Sir Mark: Wayward son
2005-01-13 13:49
London - Mark Thatcher, who was heavily fined on Thursday in a Cape Town court after pleading guilty in a plea bargaining deal in relation to an alleged African coup plot, first hit the headlines in 1982 when he disappeared in the Sahara desert for six days during the Paris to Dakar car rally.
That incident placed him in the British mind as one of the few who ever made his mother, the then British prime minister Margaret Thatcher, show any personal feelings in public.
Thatcher, 51, was fined R3m ($505 000) and given a four-year suspended prison term after the plea bargain. If he fails to pay the fine by Saturday he will have to serve a five-year term.
The businessman was arrested on August 25 last year at his Cape Town villa on charges of contributing $275 000 to help finance the suspected plot to overthrow long-time Equatorial Guinea leader Teodoro Obiang Nguema.
The cash was to buy a helicopter, which Thatcher said he believed was to be used as an air ambulance.
Disappeared in the Sahara
It was in January 1982, as a somewhat wayward 28-year-old with a taste for motor racing, that Thatcher first made news when he disappeared in the Sahara.
Facing the press then to talk about her missing son who she feared might have been kidnapped, the famously tough Iron Lady shed a tear before the television cameras in what was then an unprecedented show of personal emotion.
As it turned out, Mark and his co-driver had simply broken an axle on their Peugeot 504 and were unharmed when spotter planes eventually located them waiting in their broken-down car.
Up until his arrest by South African police last year, the younger Thatcher's brush with death in the desert was his chief claim to fame.
Otherwise, he had managed to acquire the reputation of being a generally amiable if slightly blundering figure who had managed to make himself wealthy despite a distinctly mixed record in business.
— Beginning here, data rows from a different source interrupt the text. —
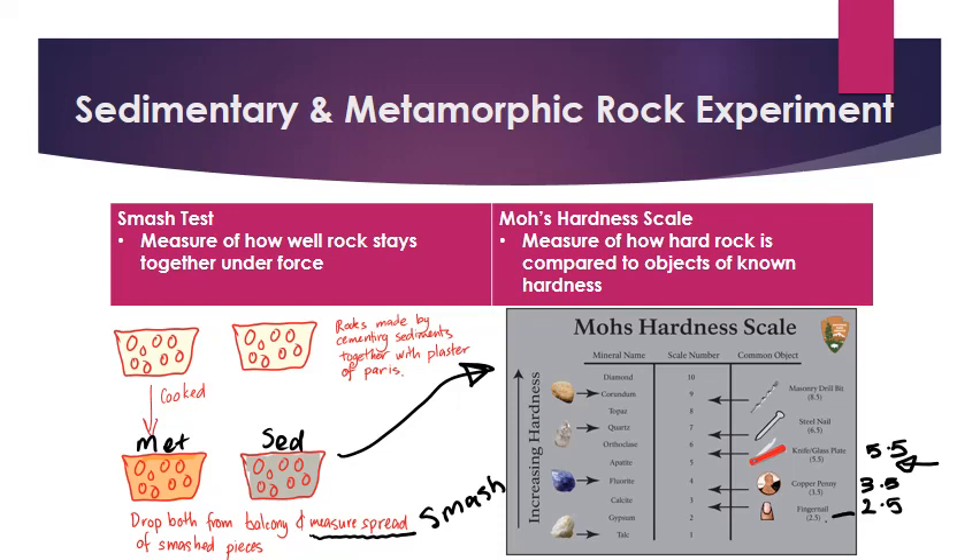Then we're going to talk about how this relates to the property changes we know happen when we cook something. We're going to look at and discuss how crystals will be realigning, how bonds will be getting reformed, and how that changes the strength of the rock. So that's the sedimentary and metamorphic rock experiment in a nutshell.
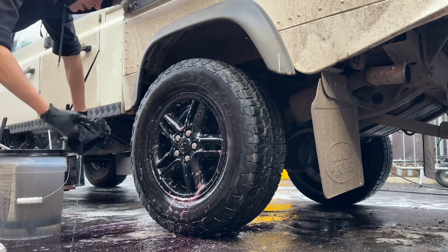Later on, once the whole car is clean and dry, be sure to apply some Podium Dress onto the rubber areas in order to protect them and leave a lovely rejuvenated look.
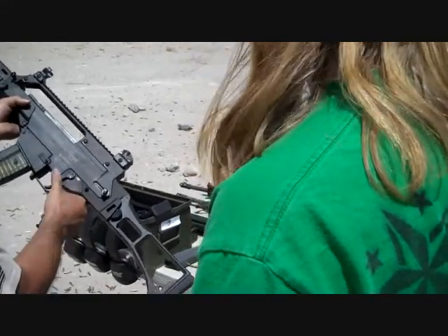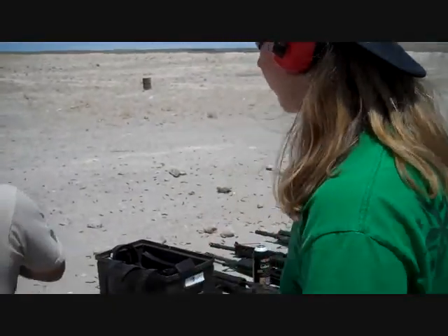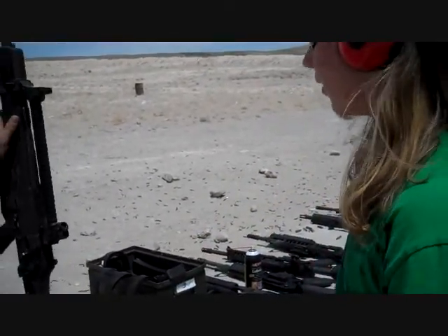That'd be safe, single, full auto, obviously. And then when you go full auto, just kind of... Okay. Short bursts.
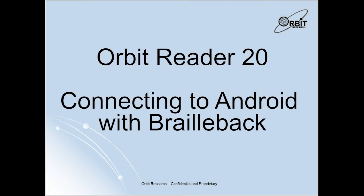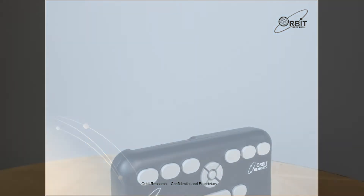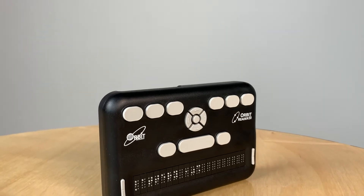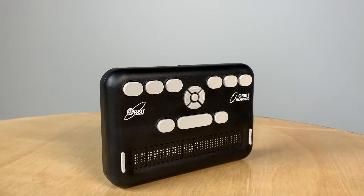Hello, and welcome to the Orbit Reader 20 Connecting to an Android with BrailleBack video. Today, I will show you how to connect your Orbit Reader 20 device to your Android cell phone via Bluetooth in the BrailleBack app.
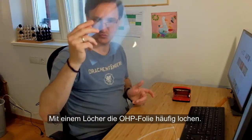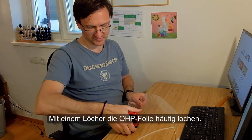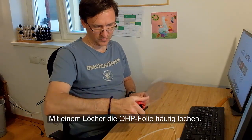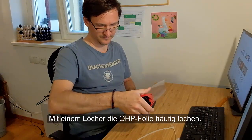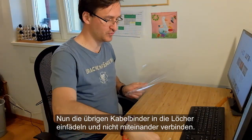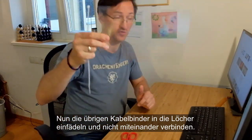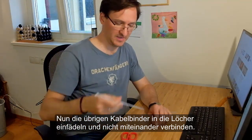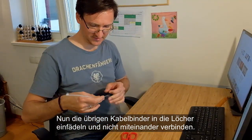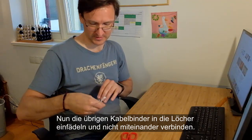Step number two: you need to punch holes into an overhead transparency. Don't be stingy with the holes — you might want to have a few of them. My hole punch just got stuck, but that's not really a problem. This is step two: you want to prepare the shield. We've just punched holes into our shield material, and now we need to tie in the zip ties. This is done quite easily and really everyone can do that, as you can see.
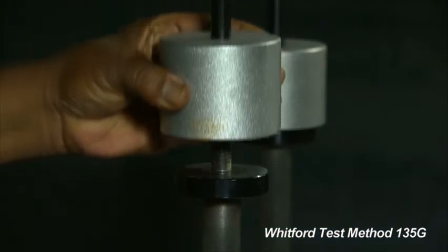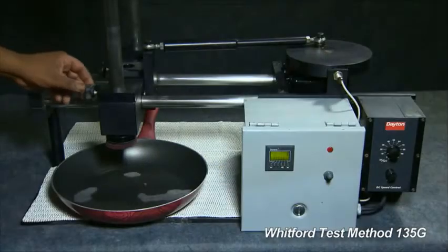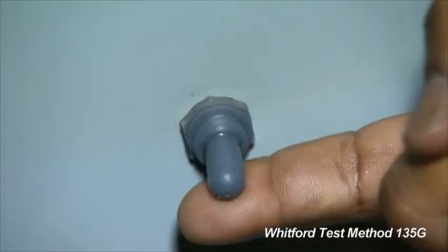Whitford uses a 3 kilo weight to shorten the time of the test. Lower the stylus onto the pan. Set the counter to 0 and start the test.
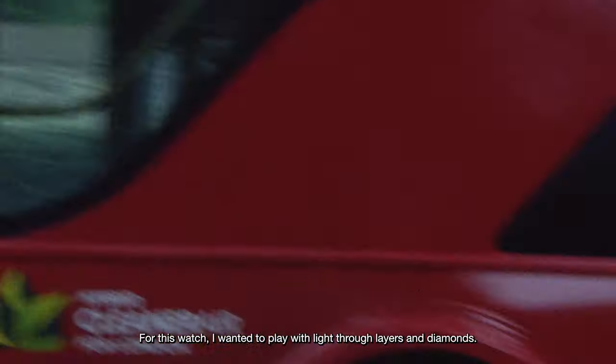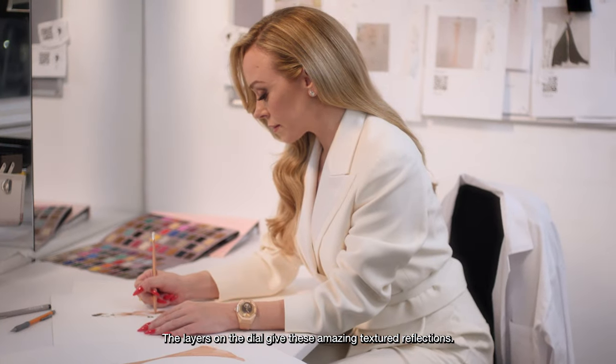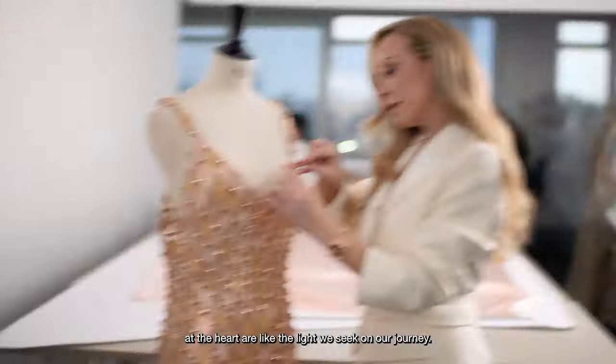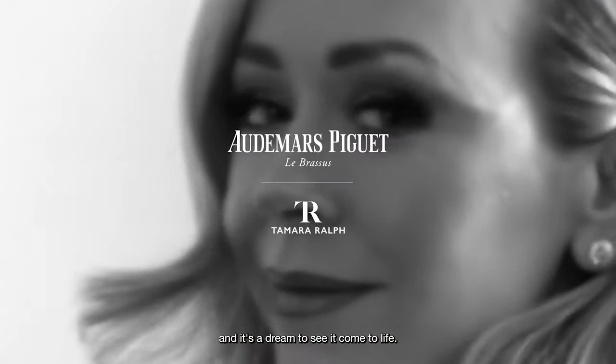For this watch, I wanted to play with light through layers and diamonds. The layers on the dial give these amazing textured reflections. The diamonds that adorn the tourbillon at the heart are like the light we all seek on our journey. That was my goal for this watch and it's a dream to see it come to life.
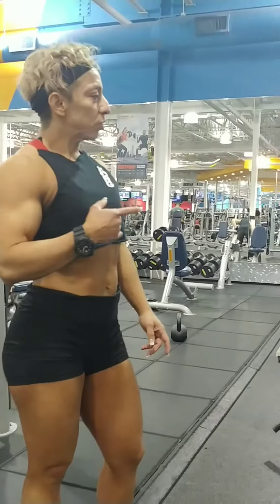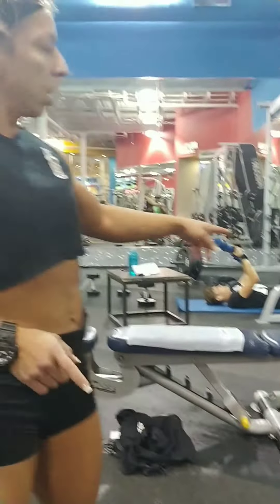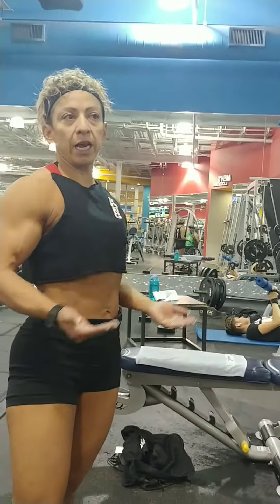All right baby, so it's leg day again. We're starting out with the reverse hyper extensions on the Smith machine — yeah, so like kickbacks.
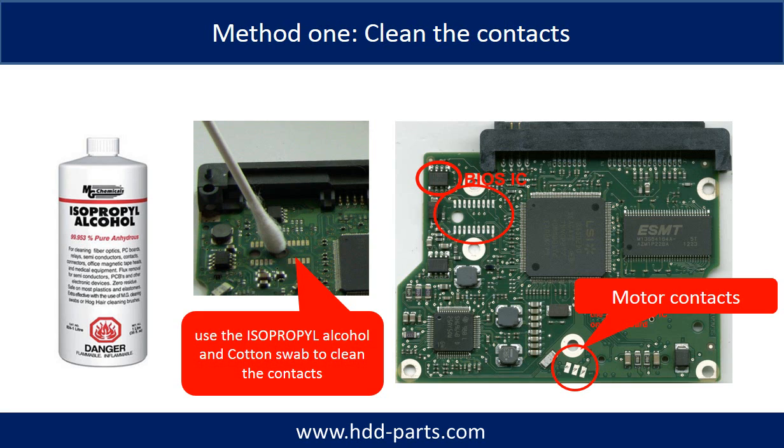Method 1: clean the contacts. Cleaning the contacts on the PCB board and also on the hard drive can fix the problem caused by poor connection between the PCB board and the hard drive.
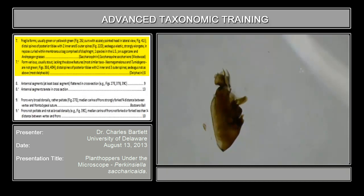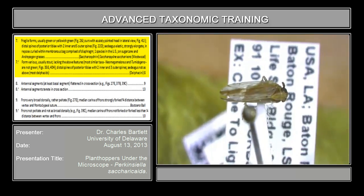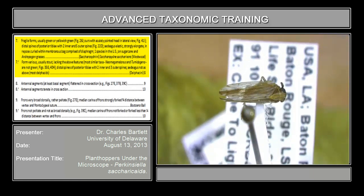So couplet 7 is separating the tribe Saccharacidinini from the tribe Delphacini. If we had Tropidocephalines in North America, I'd have to separate them here too, but we do not. Couplet 7 reads: fragile forms, usually green or yellowish green. Here is the specimen you should be looking at. Is this green? No. Is this fragile? No. When you see a Saccharacidininae, you will know it for being both green and fragile.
Mark Thatcher and his twin sister, Carol, were born on August 15 1953, the only children of the future prime minister, then working as a lawyer before entering politics, and her husband, businessman Denis Thatcher.
Less diligent, less intelligent
Educated at Harrow, the exclusive English school once attended by Winston Churchill, Mark Thatcher is viewed as less diligent - and, perhaps, less intelligent - than his twin, who has carved out a solid career for herself as a journalist and author.
Sir Mark Thatcher, as he now is having inherited his late father's baronetcy in 2003, has been accused in the past of using the family name to build his fortune, estimated at £60m ($120m).
In 1977, with cars his passion, the budding businessman launched his own car racing stable, Mark Thatcher Racing, which later went bust. Later he worked in the United States for the British sports car company Lotus.
There was public criticism over his involvement in obtaining a construction contract in Oman for Cementation, a British civil engineering firm, just after a visit there in 1986 by his mother there, obliging the Iron Lady to make a statement to the House of Commons.
In February 1987, Mark married Texan heiress Diane Burgdorf, with whom he has had two children, and moved to the United States for some years, becoming involved in a series of business ventures with mixed success.
Trouble never far behind
In late 1995, after reportedly losing million of pounds in business deals, he and his wife decided to make a new life in South Africa, buying a plush, six-bedroom house in the exclusive Cape Town suburb of Constantia.
However even there, trouble was not far behind.
Within a few months of his arrival, his now ex-premier mother flew into the country amid reports Mark was having trouble renewing his South African visa.
Subsequently, Thatcher lived a generally quiet and low-profile life in Cape Town, where his near-neighbours included Earl Spencer, elder brother of the late Princess Diana.
However, a series of British newspaper reports linked Thatcher to the backers of foreign mercenaries accused of a plot to topple President Teodoro Obiang Nguema in Equatorial Guinea.
Another neighbour, British mercenary Simon Mann, was among 67 people arrested aboard a plane at Harare airport in March as they were allegedly on their way to stage the coup in Equatorial Guinea.
Mann was sentenced in September by a Zimbabwe court to seven years in prison - reduced this week to four years - while two pilots of the plane were given 16 months, while the rest of the men aboard were each slapped with a one-year jail term.
In November, an Equatorial Guinea court country gave stiff jail sentences to five South Africans and six Armenians in the same alleged plot.
South African Nick du Toit was found guilty of organising the logistics for the plot, and was jailed for 34 years and fined 1.3 billion CFA francs (about $2m), while Moto was sentenced in absentia to 64 years in jail and fined two billion CFA francs.
Equatorial Guinea prosecutors still want to question Thatcher.